Ho scritto un articolo qualche mese fa in cui esploro il trend dell’estrema personalizzazione tramite l’intelligenza artificiale. Questo trend rischia di eliminare le tracce distintive dei brand, riducendone l’identità visiva. Quali potrebbero essere le problematiche legali legate a questa personalizzazione estrema? Credi che la tutela del marchio o in generale delle caratteristiche distintive del brand potrebbero essere messi a rischio?
Bella domanda. E non so se un giurista sia la persona più adatta a rispondere, poiché mi sembra più una questione di strategia comunicativa e di modello di business che di tutela dei diritti. Indubbiamente, dal punto di vista del diritto dei marchi e dei segni distintivi, lo sforzo e l’investimento dei grandi player è quello di rafforzare il proprio brand.

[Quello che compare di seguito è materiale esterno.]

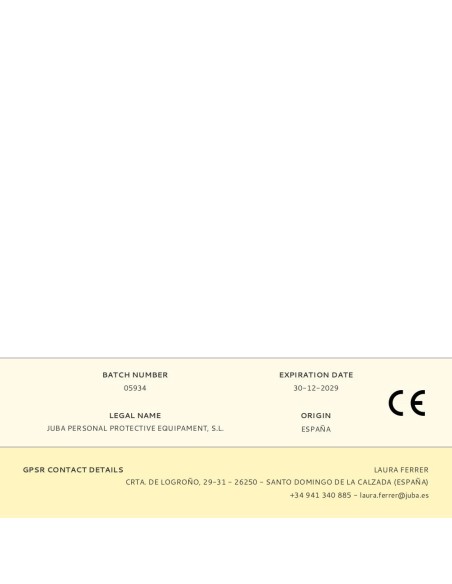 Caja 100 guantes desechables economicos de nitrilo sin polvo talla xl juba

Più un marchio è forte (nel senso che ha un maggior impatto evocativo sul pubblico di riferimento) e più alta è la possibilità di difenderlo sul piano legale. Quindi questa nuova tendenza sembra in effetti andare nella direzione opposta di consentire maggiore flessibilità sulla capacità distintiva del marchio a fronte di una maggiore visibilità legata all’hype “intelligenza artificiale” (che potrebbe esaurirsi nei prossimi mesi) e anche a una componente di “gamification” (sempre più presente nei modelli di business).